EXERCISE DESCRIPTION: With the pictures left out, restate exactly the part below that opens with the line containing "6509 S Tomar" and closes with the line containing "Old Rusty Bearded".

TASK MATERIAL Start Marker

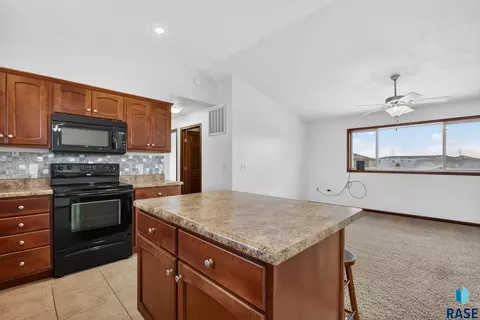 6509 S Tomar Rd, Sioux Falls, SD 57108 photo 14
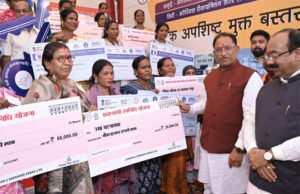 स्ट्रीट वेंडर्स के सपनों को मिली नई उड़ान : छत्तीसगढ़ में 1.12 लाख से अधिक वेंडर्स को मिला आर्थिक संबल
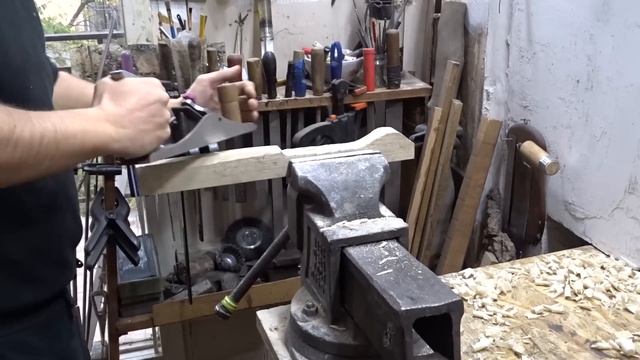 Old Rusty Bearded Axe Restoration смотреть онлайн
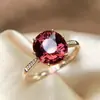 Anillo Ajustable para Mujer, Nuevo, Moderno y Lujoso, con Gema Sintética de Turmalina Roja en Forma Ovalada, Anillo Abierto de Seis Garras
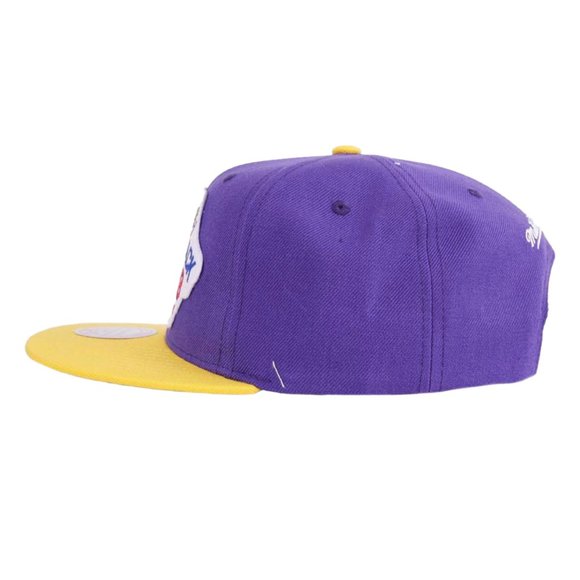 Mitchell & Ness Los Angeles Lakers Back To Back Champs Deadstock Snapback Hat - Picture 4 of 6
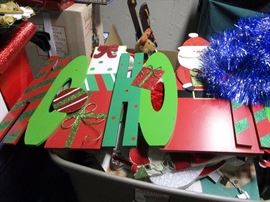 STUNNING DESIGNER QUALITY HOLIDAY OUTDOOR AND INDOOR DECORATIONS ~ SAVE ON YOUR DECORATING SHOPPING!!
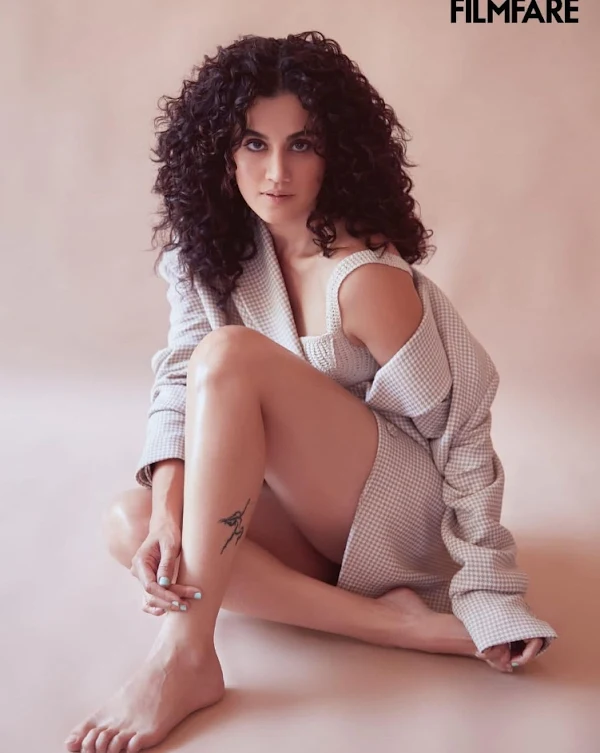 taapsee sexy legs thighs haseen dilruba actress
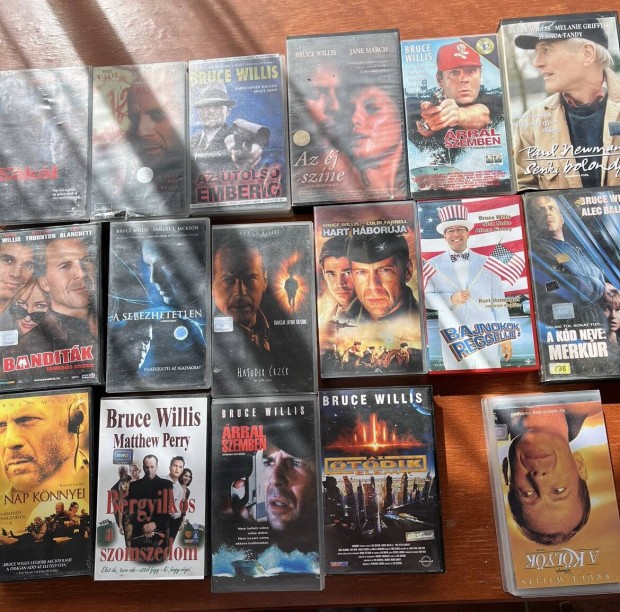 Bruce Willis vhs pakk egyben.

TASK MATERIAL End Marker
TASK MATERIAL Start Marker

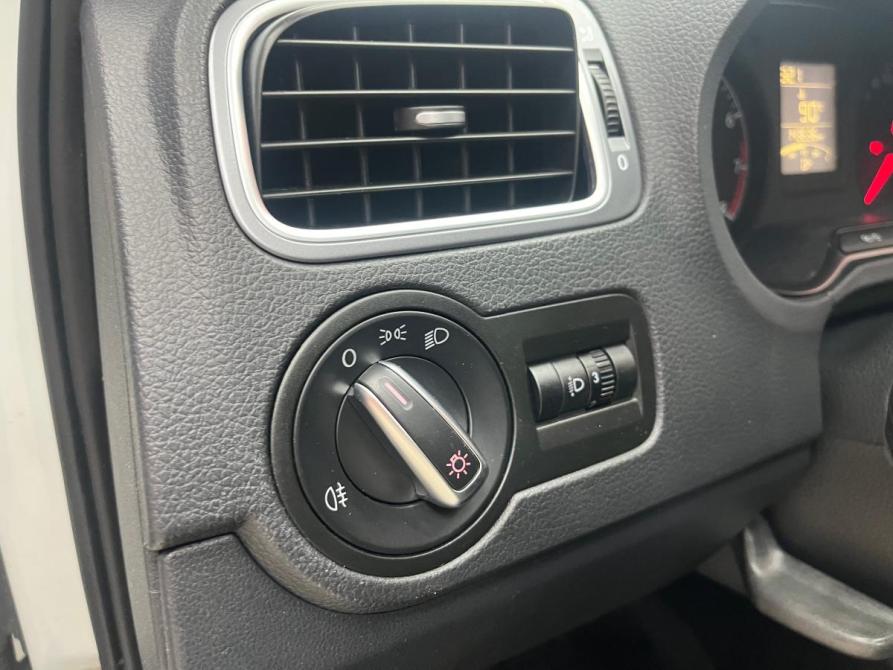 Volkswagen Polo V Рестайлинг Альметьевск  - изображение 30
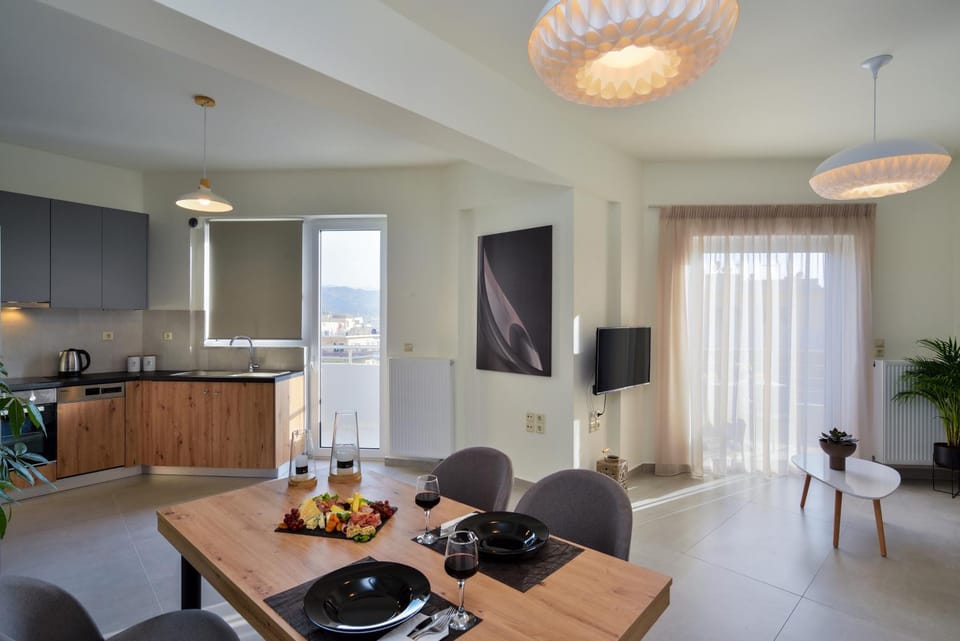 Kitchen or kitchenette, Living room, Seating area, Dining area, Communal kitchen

TASK MATERIAL End Marker
TASK MATERIAL Start Marker

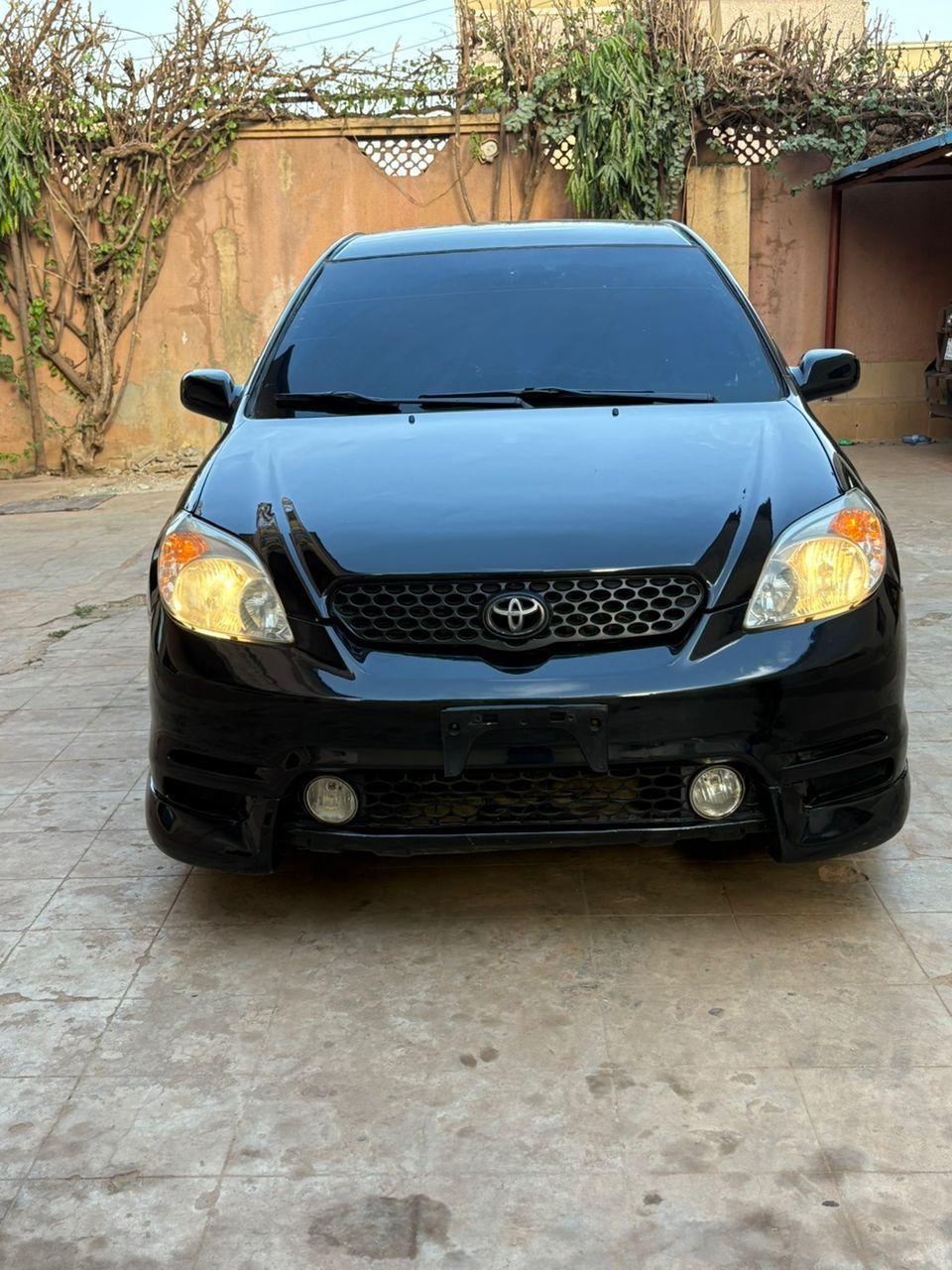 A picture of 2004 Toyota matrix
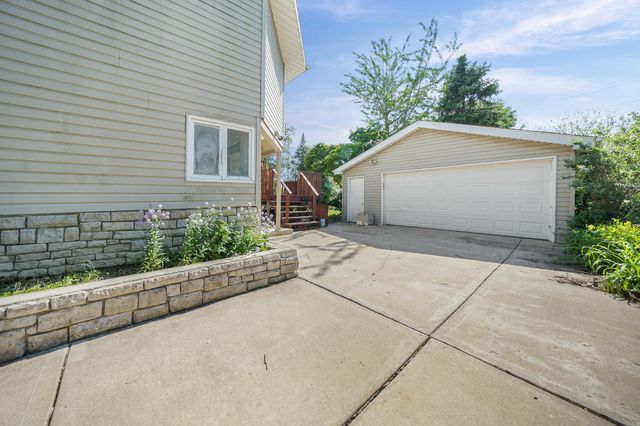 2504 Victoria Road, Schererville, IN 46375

TASK MATERIAL End Marker

ANSWER SPACE:
 6509 S Tomar Rd, Sioux Falls, SD 57108 photo 14
 स्ट्रीट वेंडर्स के सपनों को मिली नई उड़ान : छत्तीसगढ़ में 1.12 लाख से अधिक वेंडर्स को मिला आर्थिक संबल
 Old Rusty Bearded Axe Restoration смотреть онлайн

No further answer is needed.